ALCÉSIMARQUE. Je crois en vérité que l’inventeur du métier de bourreau c’est l’amour : j’en ai la preuve par moi-même, sans la chercher ailleurs ; je souffre plus que tous les hommes ensemble de ces angoisses qui me pressent le cœur. Malheureux ! me voilà lancé, torturé, agité, piqué, retourné sur la roue de l’amour ; je me sens suffoqué, emporté, rapporté, tiraillé, mis en pièces. Un épais nuage voile mon âme ; je ne suis pas où je suis, mon cœur est où je ne suis pas ; j’éprouve à la fois tous les caprices, et ce qui me plaît, le moment d’après ne me plaît plus.

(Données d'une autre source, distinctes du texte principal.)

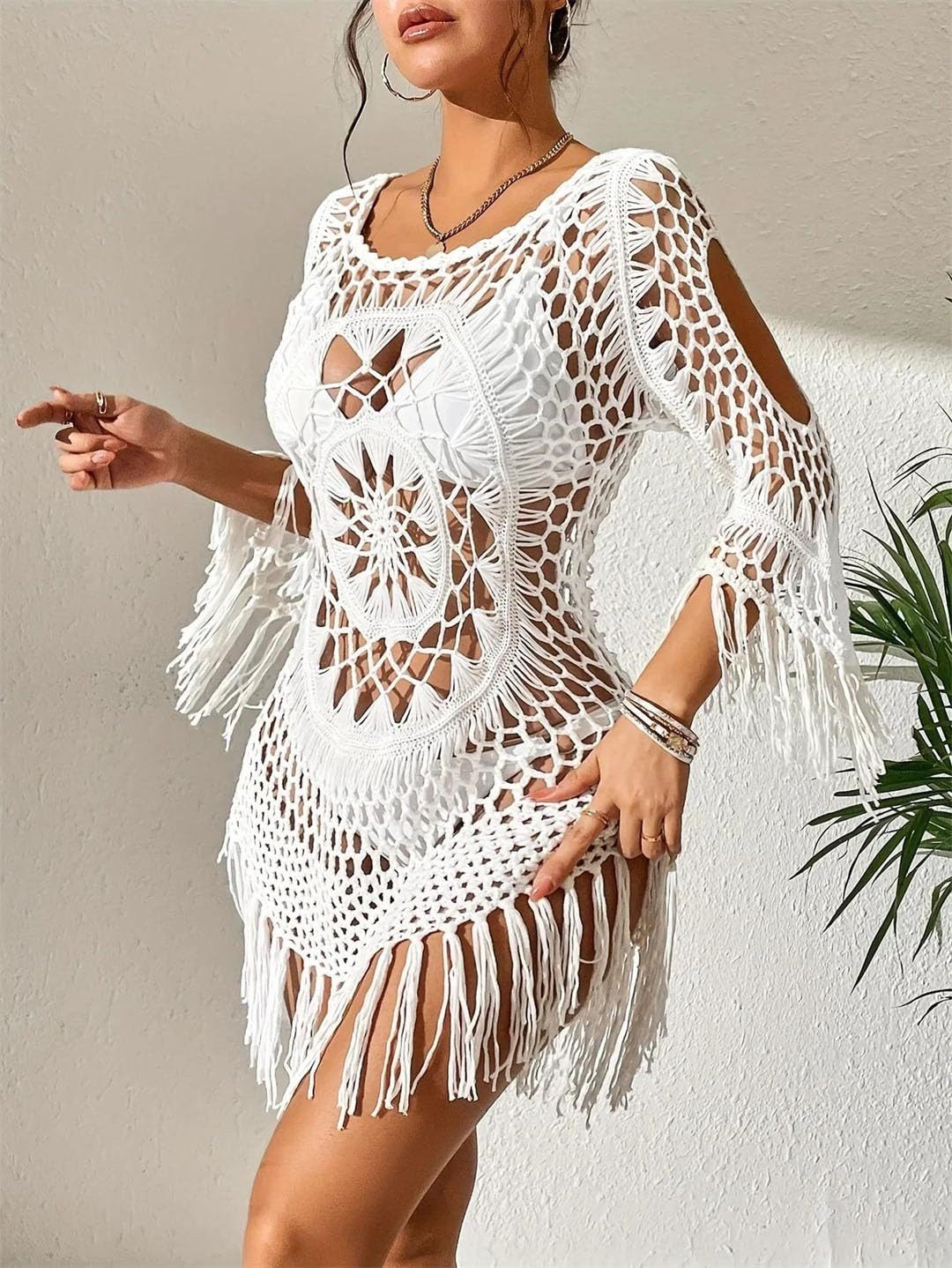 RWEUOQ Strandkleid Damen Bikini Cover Up günstig online kaufen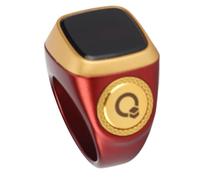 Dpofirs Bague de Comptage Intelligente, Bague de Comptage Intelligente avec écran de 0,49 Pouces, Alertes de Vibration et Connexion APP pour Le Décompte Quotidien, Les Prières et Le Suivi des Pas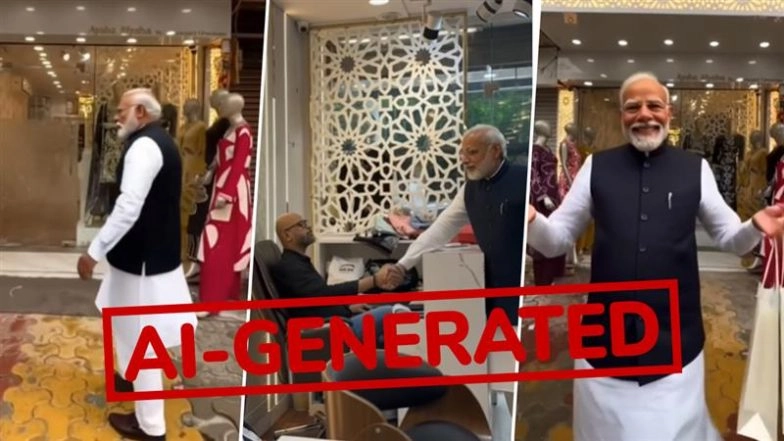 Delhi Store Uses AI to Show PM Modi Visiting Shop, Netizens Question Legality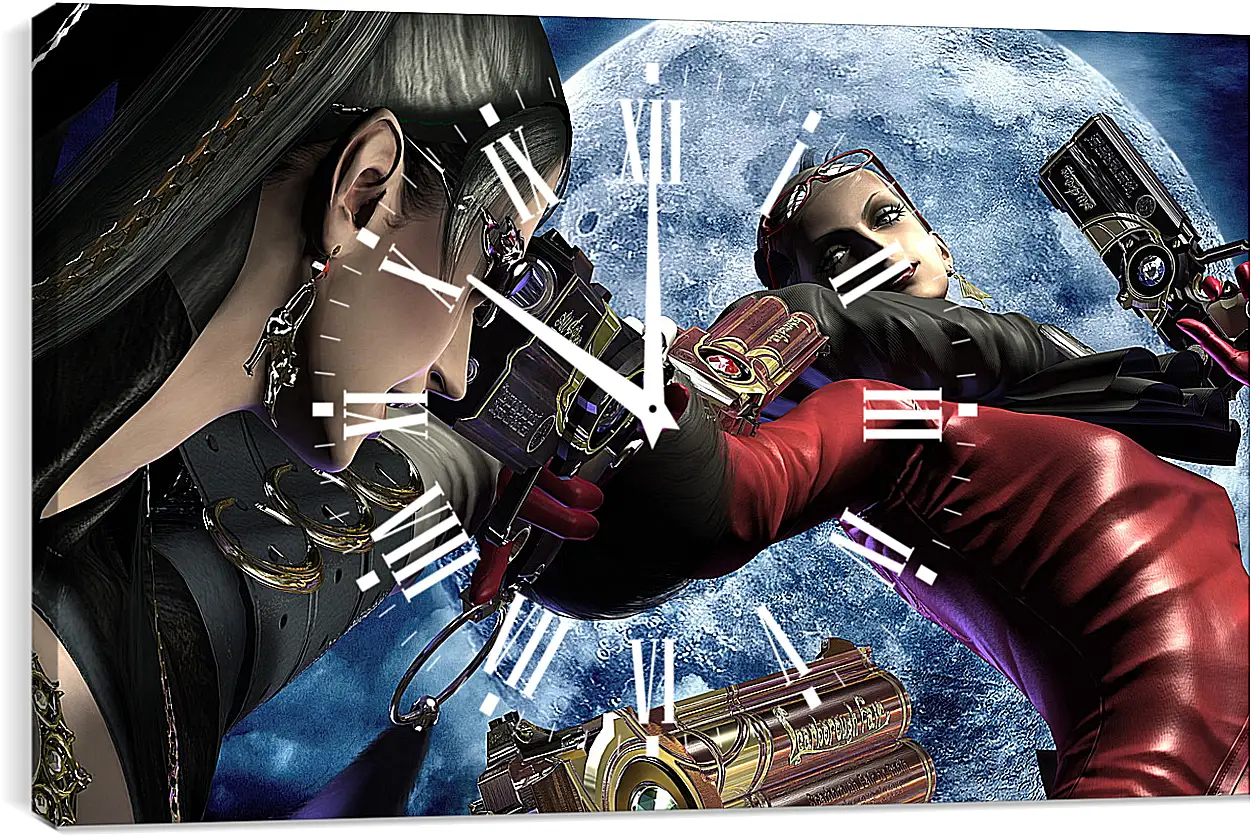Часы картина - Bayonetta
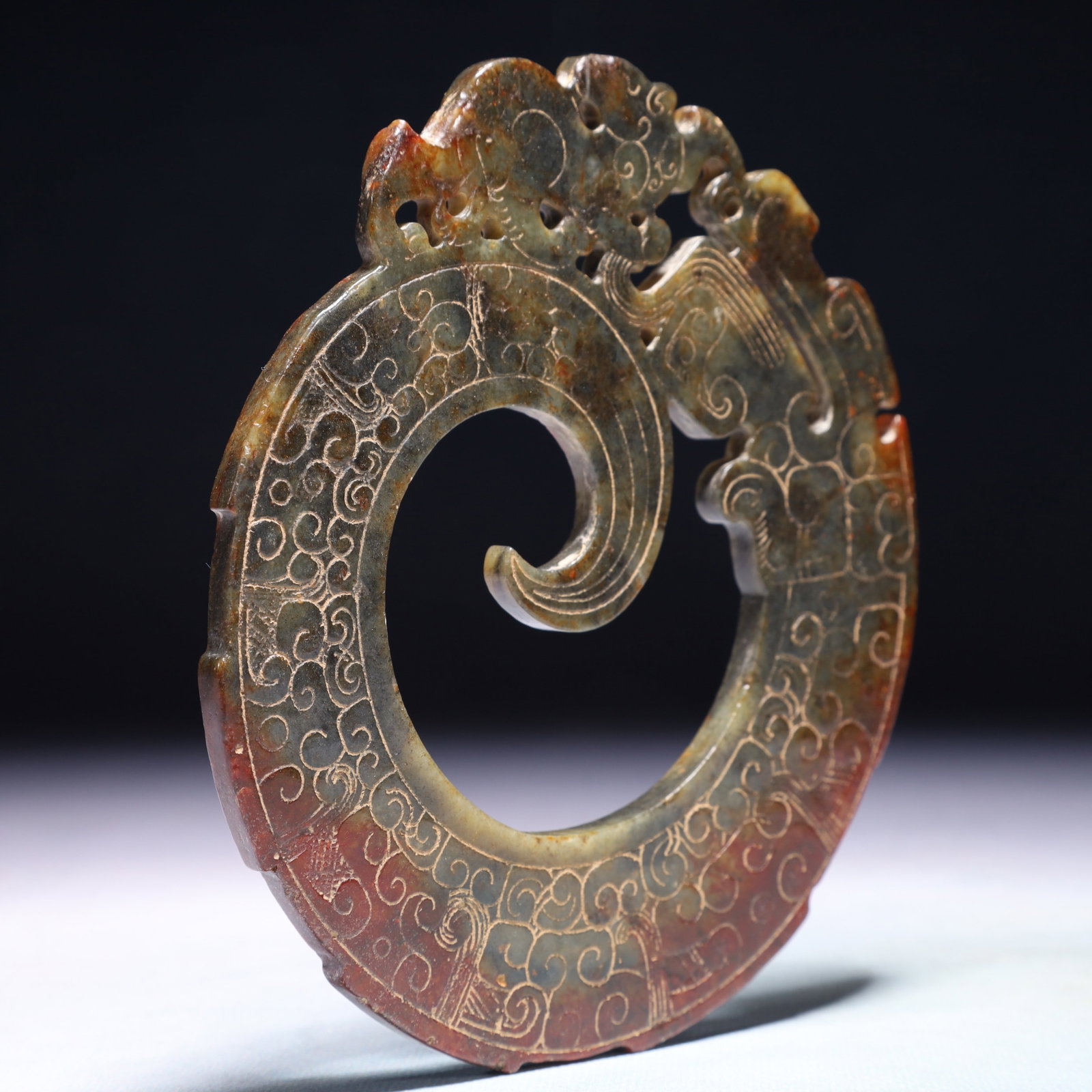 An Exquisite White Jade Auspicious Cloud Pattern Pendant - 5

C’est ainsi que l’amour se joue d’un cœur épuisé ; il me chasse, me poursuit, m’assaille, m’entraîne, me retient, me caresse, me comble ; il me donne et ne me donne pas ; il m’abuse sans cesse, me pousse ici, puis me rappelle et me montre encore ce dont il m’a éloigné. Il me ballotte comme sur une mer orageuse, et brise mon pauvre cœur amoureux ; je n’ai plus qu’à couler bas pour que ma perte soit consommée. Ainsi voilà six jours de suite que mon père me retient à la campagne, sans qu’il me soit permis de voir ma maîtresse. Est-il rien de plus affreux ?

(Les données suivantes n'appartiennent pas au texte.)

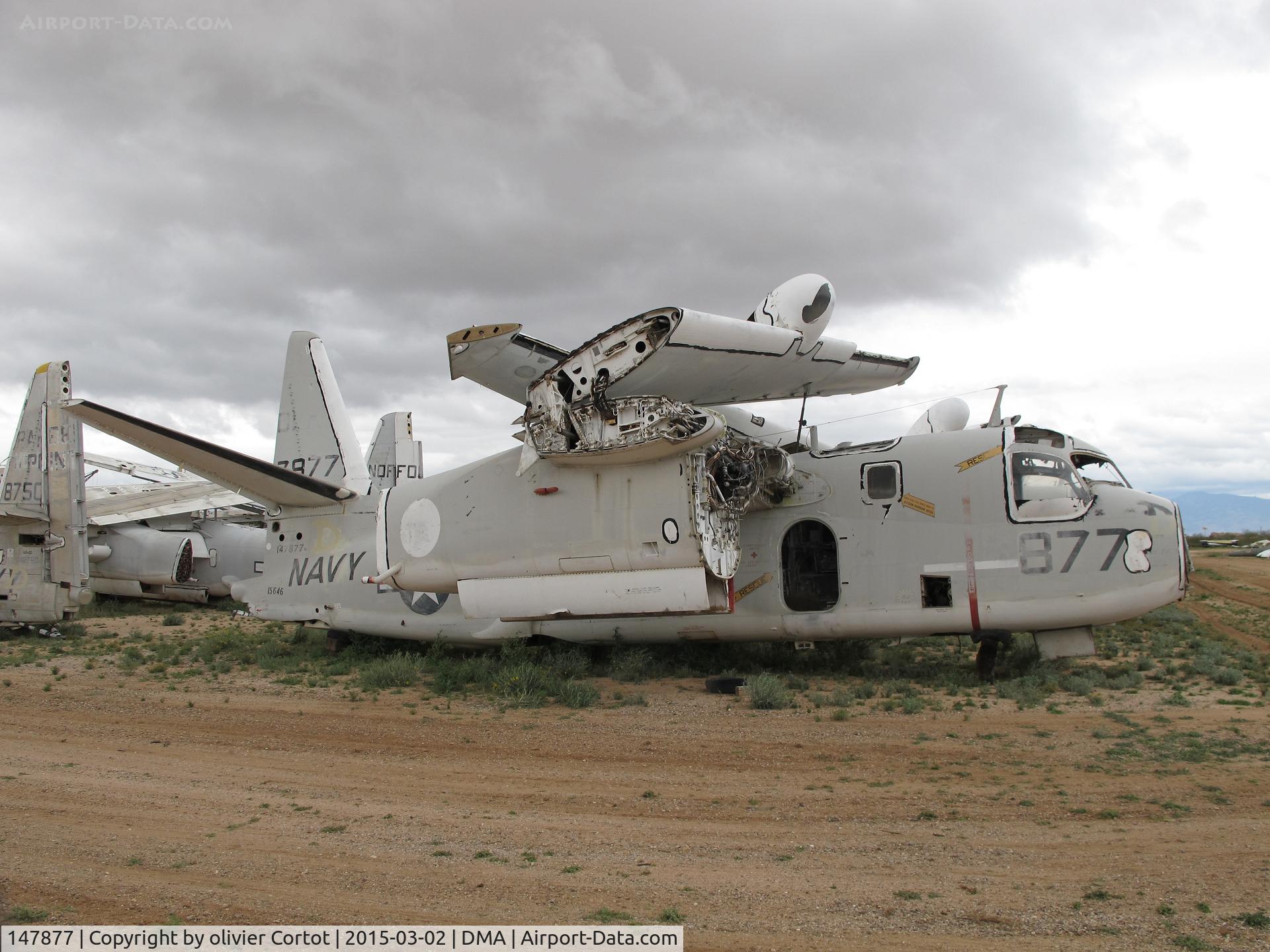 147877, Grumman S2F-3 Tracker C/N n/a, Tucson's scrapyard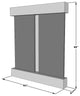Cottonwood Falls Water Fountain, Multi-Color, Stainless Steel, Square
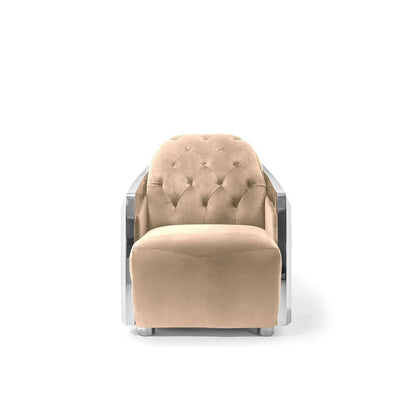 Massimo Silver Premium Sofa Set in Taupe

MÉLÉNIS. Vraiment, vous prenez un ton, depuis que vous êtes le fiancé d’une riche fille de Lemnos ! Épousez-la : nous ne sommes pas de si haut parage que vous, et notre fortune est loin de valoir la vôtre ; pourtant, je ne crains pas qu’on nous reproche d’avoir oublié notre serment. Pour vous, s’il vous en cuit, vous saurez à qui la faute.

ALCÉSIMARQUE. Que les dieux m’exterminent…

MÉLÉNIS. Puissent-ils vous entendre !

ALCÉSIMARQUE. Si j’épouse jamais celle que mon père me destine.